Apesar de homologado pela Justiça, o plano não agradou a todos, sobretudo o grupo de acionistas liderados pelo empresário Nelson Tanure, do Société Mondiale, entre eles, a portuguesa Pharol, que, depois da fracassada fusão com a Portugal Telecom, detém 27,5% das ações ordinárias da Oi por meio da Bratel.

Convocação


Nesta segunda-feira, a Pharol convocou uma assembleia extraordinária de acionistas da operadora brasileira para 7 de fevereiro, alegando que a proposta de recuperação da empresa viola regras da companhia. “A Pharol entende que o plano não está em conformidade com a governança estabelecida no estatuto social da Oi em vigor, em oposição direta aos direitos dos acionistas”, afirmou, em nota.

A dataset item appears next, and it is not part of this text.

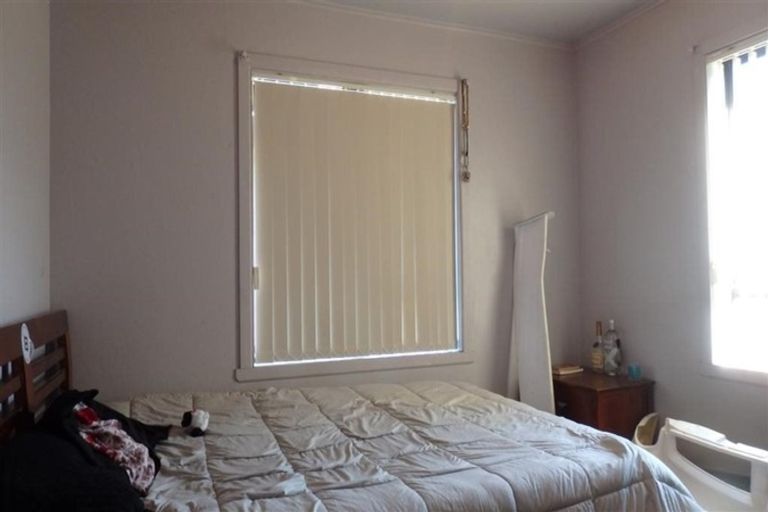 Photo of property in 61 Plumley Crescent, Mangere, Auckland, 2022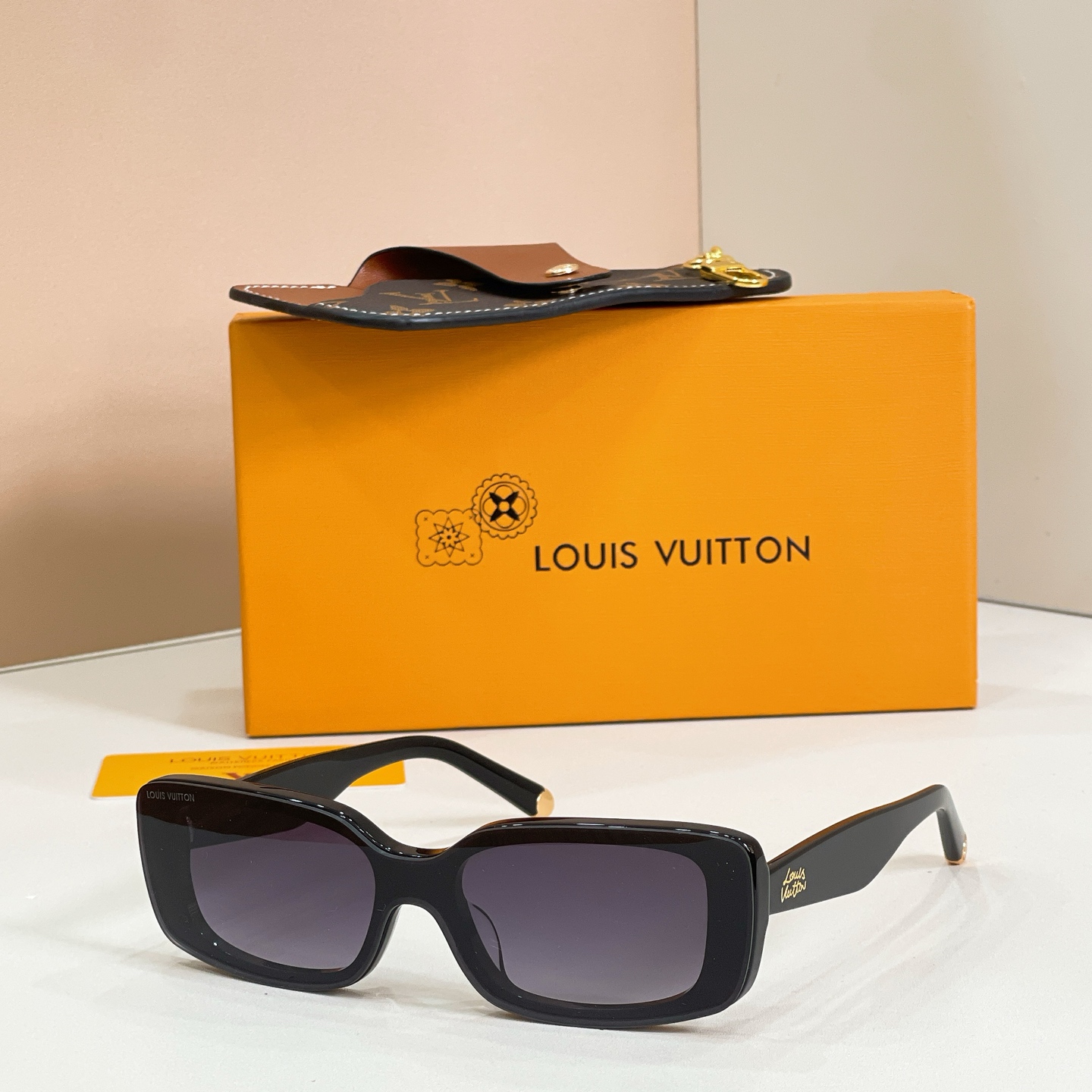LOUIS VUITTO*✨✨✨MODEL：Z3165U✨✨✨ SIZE：144口0-145✨✨✨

O objetivo da convocação é discutir “as providências judiciais e extra-judiciais adequadas” sobre a aprovação do plano de recuperação, que prevê a troca de até 75% do capital da companhia por dívidas e a injeção de capital de R$ 4 bilhões. A Pharol alega que “a diluição dos atuais acionistas é injustificada e baseada em um preço que não reflete o real valor de mercado da Oi”.

O grupo português também argumentou que a manutenção da atual diretoria, nos moldes do plano, retira a competência do conselho de administração “de fiscalizar seu desempenho e, se for o caso, substituí-la”.

 

Em decisão, o juiz Fernando Viana, no entanto, considerou “absolutamente desnecessária” a realização de uma nova assembleia. “A convocação de assembleia de acionistas, nesta hipótese, reinstalaria a instabilidade fortemente rejeitada pelo Judiciário durante todo esse processo de recuperação judicial. A vontade dos credores deve ser respeitada”, disse. “É vedada a prática de qualquer ato — seja por acionista, membro do conselho ou administrador da companhia — que tenha o fim de inviabilizar o cumprimento do plano de recuperação aprovado na forma da lei”, concluiu.